As chairman of the House Energy and Commerce Committee in 2009 and 2010, Waxman worked with then-House Speaker Nancy Pelosi, also a California Democrat, to steer PPACA through the chamber.
"In all my years in politics, I felt the moral claim that this country has failed in not providing every American access to health care," Waxman said in March 2010, the month Obama signed the legislation into law.
Waxman, 74, was elected in 1974 as part of a wave of Democrats who won their seats three months after Republican Richard Nixon resigned the presidency amid the Watergate scandal. The other remaining member of that group serving in the House continuously since then, Rep. George Miller, also of California, announced his retirement earlier this month.
Waxman took the helm of the Energy and Commerce panel by unseating, in a vote among House Democrats, Rep. John Dingell, D-Mich.

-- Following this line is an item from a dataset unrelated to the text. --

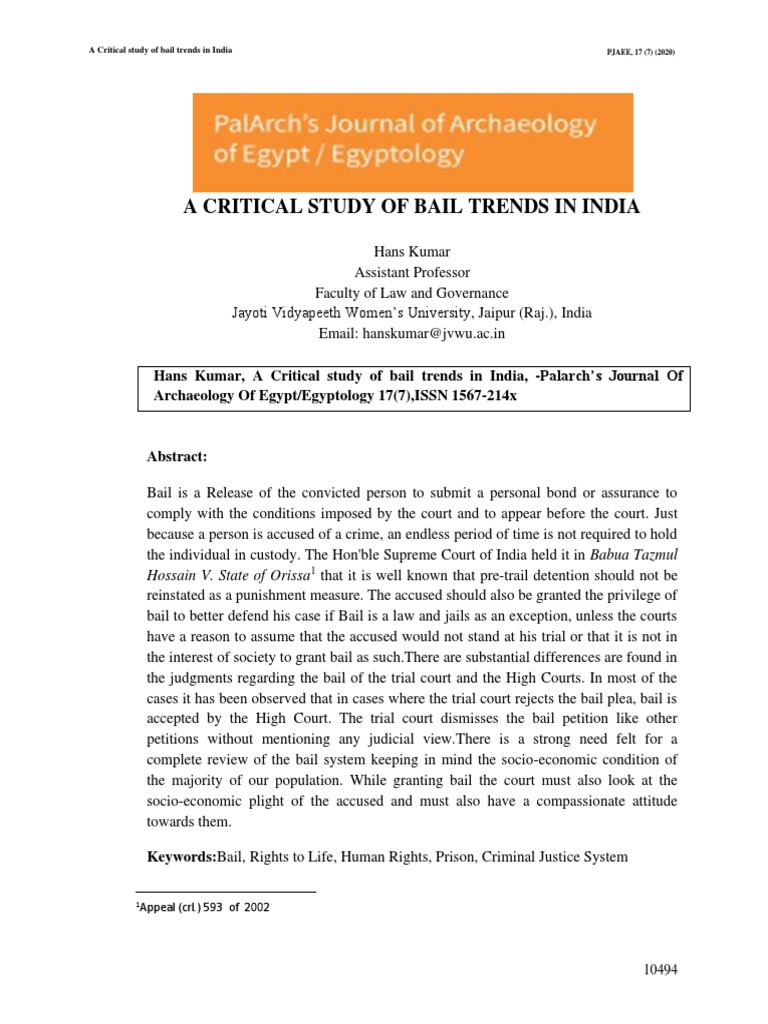 Bail Trends in India's Justice System | PDF | Bail | Criminal Procedure ...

Waxman lost the Energy and Commerce chairmanship after Republicans won the House majority in the 2010 elections. Since then, he has served as the committee's top Democratic member.

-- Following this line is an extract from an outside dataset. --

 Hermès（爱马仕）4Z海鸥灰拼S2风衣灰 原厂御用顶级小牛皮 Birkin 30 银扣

In 1994, as chairman of Energy and Commerce's health subcommittee, Waxman held hearings that put the tobacco industry under the spotlight. At one session that gained wide coverage, tobacco company executives testified under oath that nicotine wasn't addictive. The hearings were credited with laying the groundwork for lawsuits that led in 1998 to a settlement in which major tobacco companies agreed to make payments to U.S. states to resolve claims that cigarettes caused public-health dangers.
Waxman is "tougher than a boiled owl," then-Sen. Alan Simpson, a Wyoming Republican, said in 1990 after the two helped negotiate an agreement to revise clean-air laws.
Waxman was born in the Los Angeles neighborhood of Boyle Heights. Prior to taking his House seat in January 1975, he served six years in the California Assembly.